Today, I want to chat to you guys about how we told our family and friends the news.
I guess the thing to start with is, even though we longed to see two red lines on a test, we hadn’t thought twice about how we would tell our loved ones. The main reason for that is because we didn’t want to get ahead of ourselves and build up the moment in our minds, only for us to never reach that moment.
Just as we had made peace with the fact that we weren’t going to have children, so did our family and friends. When we first came off contraception and nothing happened naturally, we spoke openly to the main people in our life. Mainly so that we had people to lean on. But also, so we could manage their expectations.
Even though our family don’t expect us to have children and they have certainly never put pressure on us, there is no denying that our parents were born to be grandparents. We could both imagine our parents as granny and grandad, and it was heart-breaking that we may never be able to do that for them. To be honest, when we first saw the positive pregnancy test, one of the first things that we both talked about was telling people.
But it was important to us that we didn’t only enter the safe zone at the 12-week stage, I wanted to get well into the middle of my pregnancy. The reason for that was simply because I was scared that the rug was going to be pulled from under me and something would happen. If that was to be the case, I didn’t want to build our families hopes up after not believing that it would ever happen.
So, once we reached the 20 week mark we decided that it was time to let our friends and family know. But we just didn’t know how to go about it. The only thing that we did know was that it was getting incredibly more difficult to hide my ever-growing bump. In the end, that was what we decided to go with…
One by one, we visited our close family. But instead of draping myself in chunky knitwear and countless layers like I had been doing, I put on a midi dress that was form fitting and showed the roundness of my bump. We wanted to see their reaction when it dawned on them what was happening, and those memories will honestly stay with me for as long as I live. We did contemplate recording their reactions, but we thought it would give things away quicker if we were to walk in with an iPhone in their face.

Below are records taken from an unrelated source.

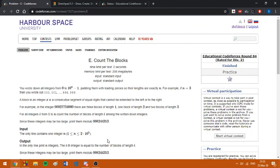Hello everybody. Today I'm going to explain problem E, counting the blocks, from the educational Codeforces round 84, which I solved today.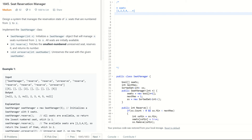Let's jump into today's problem. This is a design-oriented problem essentially. Seat Reservation Manager: design a system that manages the reservation state of n seats that are numbered from 1 to n. Implement the SeatManager class.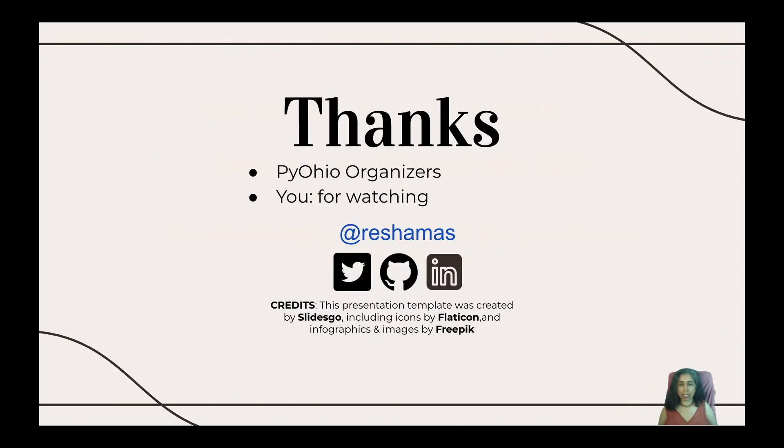I'd like to thank the PiOhio organizers for organizing this fabulous event, and I would like to thank you for watching. You can find me at Reshma S on Twitter, GitHub, and LinkedIn. Thank you.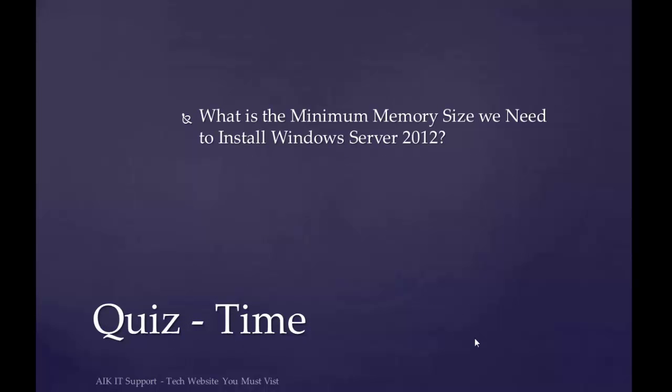Let's have a quiz. What is the minimum memory size we need to install Windows Server 2012? Please share the answer in the comments below.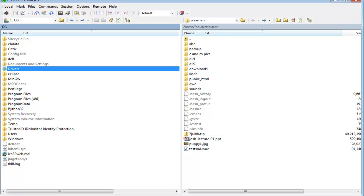This is just a quick review for those of you that still need some help with creating the web page. Basically what I've done is brought up WinSCP, which you can download and use from home. As we saw in class, the left-hand side is the local machine, and the right-hand side is the CS12 machine, which is going to be hosting your web pages.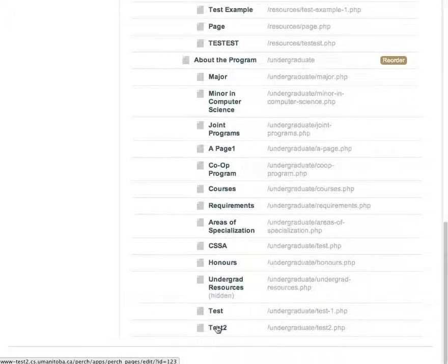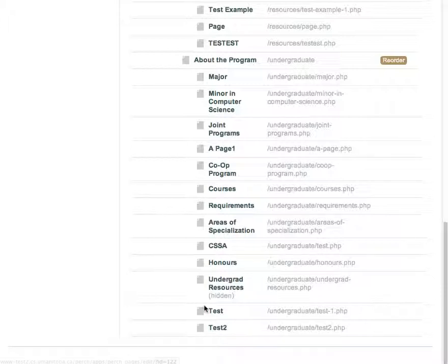As you can see, the page has been created successfully. Now you know how to add a page to the site using Purge.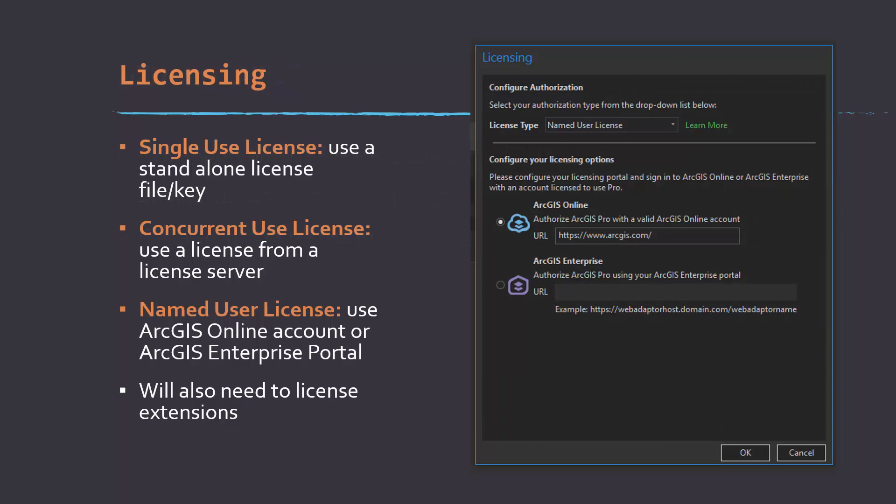Let's talk about licensing. With ArcMap, there was basically one means to license permanently — to have a license code or connect to a license manager or license server. Instructors could provide temporary licenses for students that generally lasted a year and were activated using a code or key. With Pro, one option is a single-use license where you're provided a standalone license file or key, similar to ArcMap. Concurrent use licenses allow you to license the software using a license server, similar to how you'd license an organizational account with ArcMap.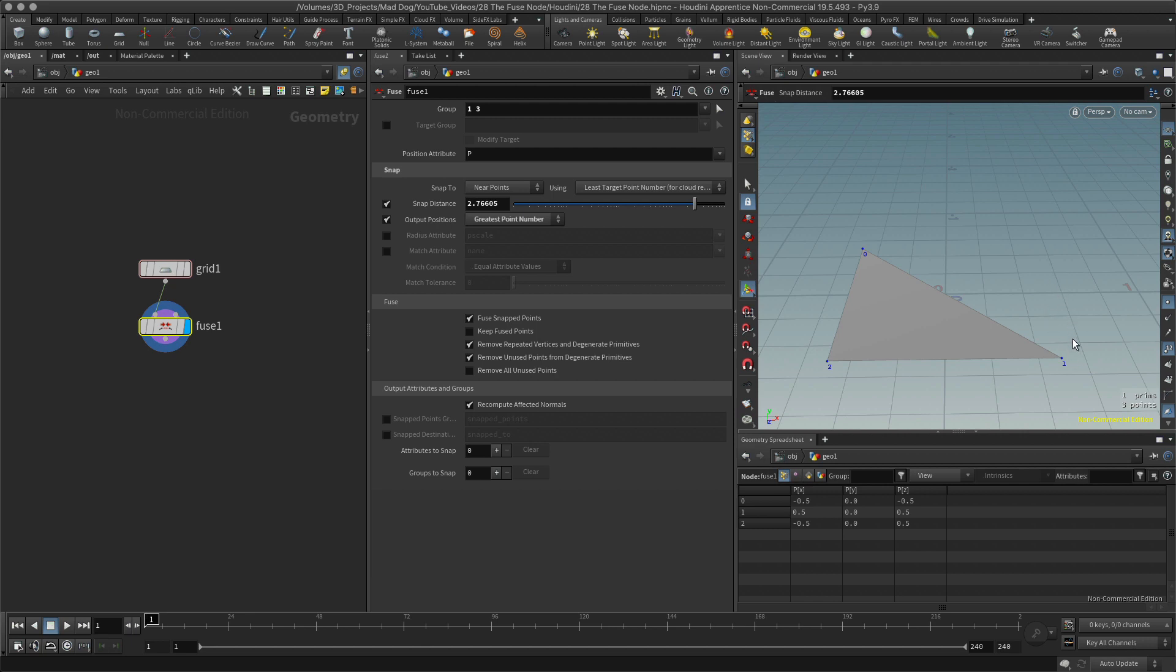When we fuse these together, I'll have to get used to that. I'm used to using the merge in Maya. When we fuse these together, of course one point disappears, so we're now down to three points, as we can see in the geometry spreadsheet, not four.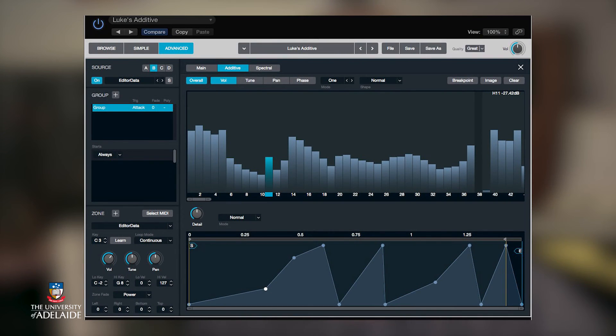Modern computers can easily handle calculating hundreds if not thousands of waves, leading to the rise of software-based additive synths. Many of these have become somewhat easy to use through a method called resynthesis, where a sample is loaded into the synthesizer, it is analysed, and then broken down into its constituent parts. These waves and envelopes can then be used as a starting point for creating new sounds rather than needing to start from scratch.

Once our immediate family knew, we decided to share the news with other family members and friends with a text. A picture to be precise. I shared with them the picture from my announcement post of me trying to fit into my jeans with my bump. I did nothing more than quickly work down my recently contacted people on WhatsApp and I sent it to them all. My husband did the same with his friends. We then set our phones down and had a cup of tea while we watched our phones blow up from everybody getting back to us!
After everybody we knew had heard or acknowledged the news, we put the news out on our social media channels.
It was probably the happiest day of my life getting to tell people the amazing news that we are expecting. The outpouring of love is like nothing I have ever experienced before. It just makes me more excited for the next stages in my pregnancy and then getting to meet our little angel in a few months.